* [What the exercise asks] Only the lines from the one with "Smartband 4.4 med pulsmätare" through the end of the material are wanted, copied exactly and with the pictures left out.

───── Dataset content

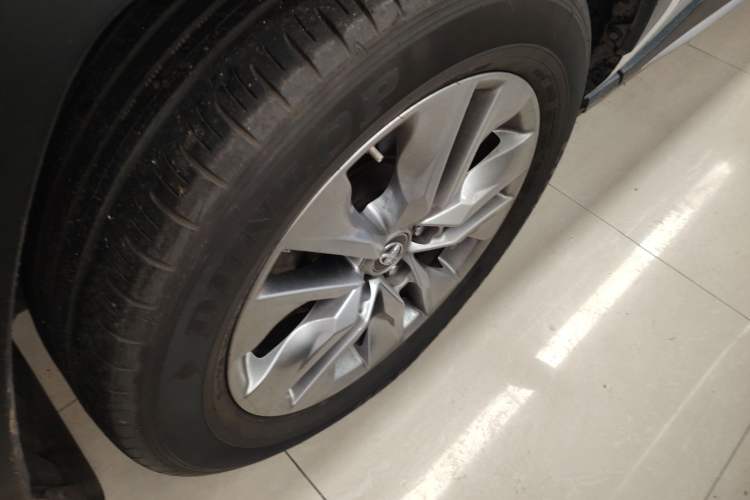 Used Toyota Wildlander 2020 2.0L CVT Two-Wheel Drive Luxury Edition Left Front Wheel Hub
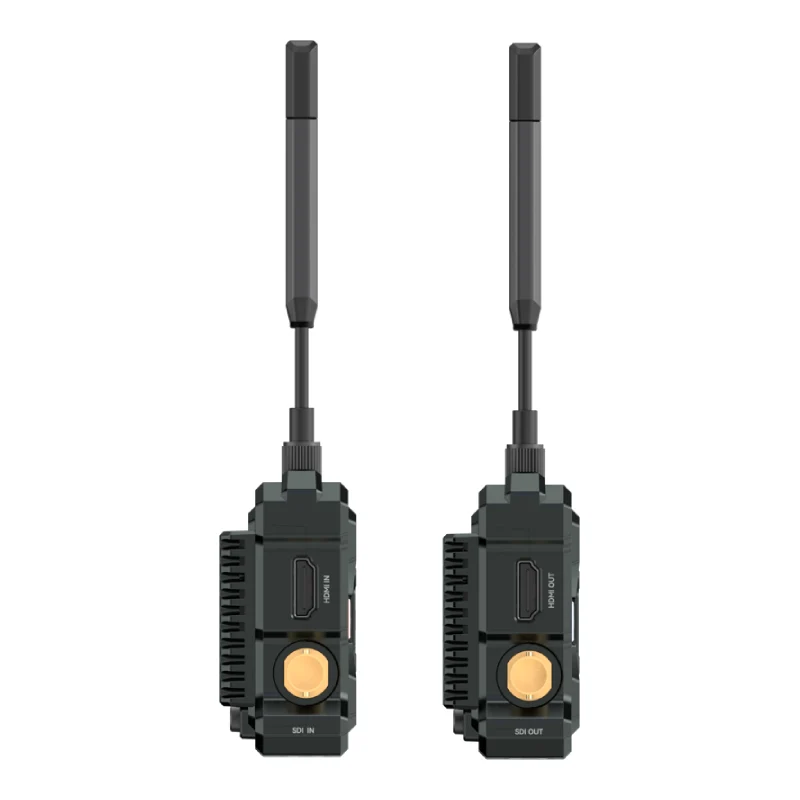 HOLLYLAND Pyro S 4K HDMI/SDI Wireless Video Transmission System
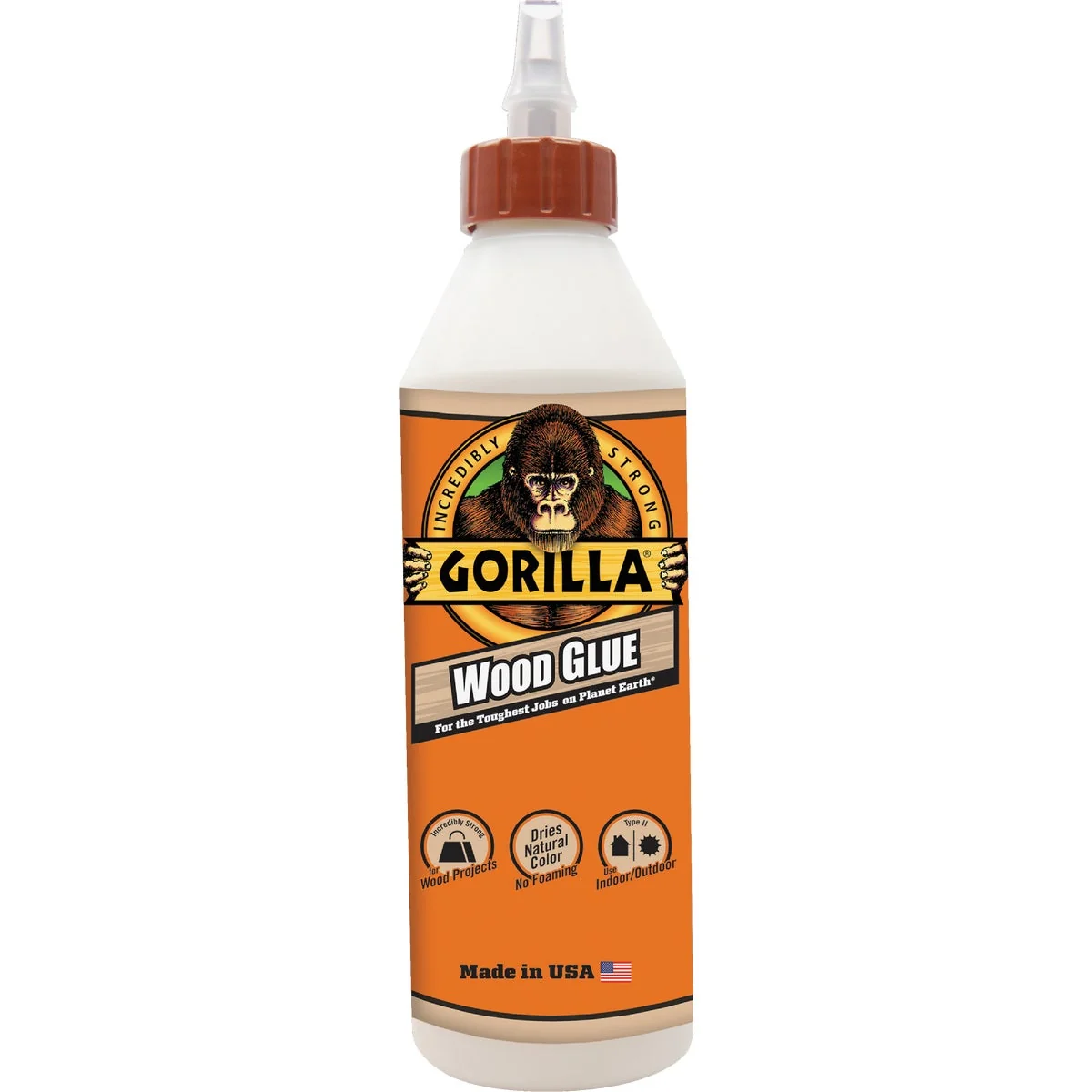 Excellent Gorilla 36 Oz. Wood Glue Luxury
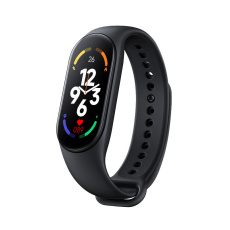 Smartband 4.4 med pulsmätare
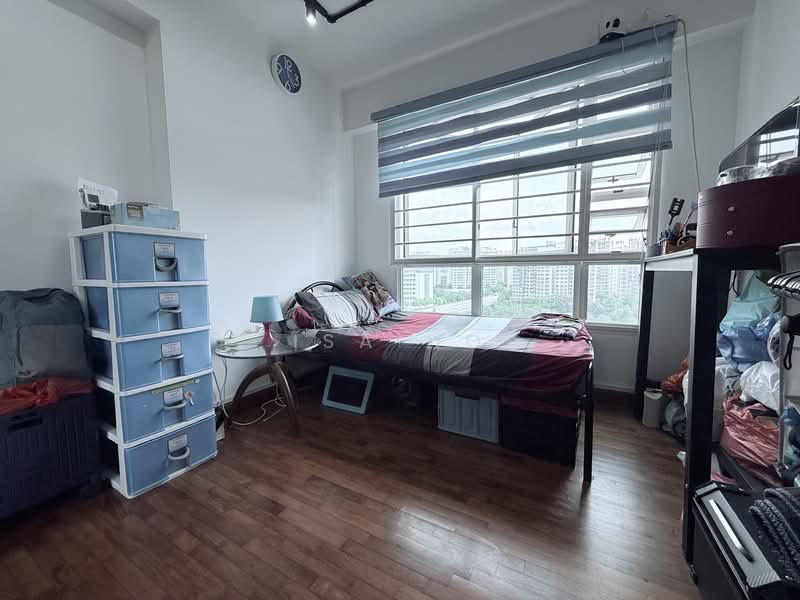 619A Punggol Drive HDB Flat For Sale at S$ 698,000 | PropertyGuru Singapore - Bedroom
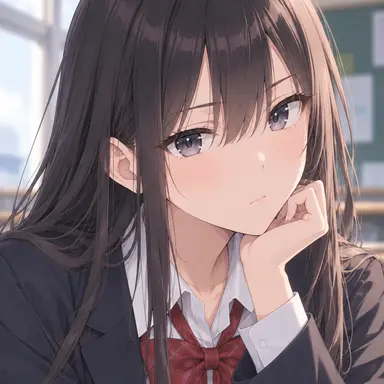Profile image of Rin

──────────

* [Result]
 Smartband 4.4 med pulsmätare
 619A Punggol Drive HDB Flat For Sale at S$ 698,000 | PropertyGuru Singapore - Bedroom
Profile image of Rin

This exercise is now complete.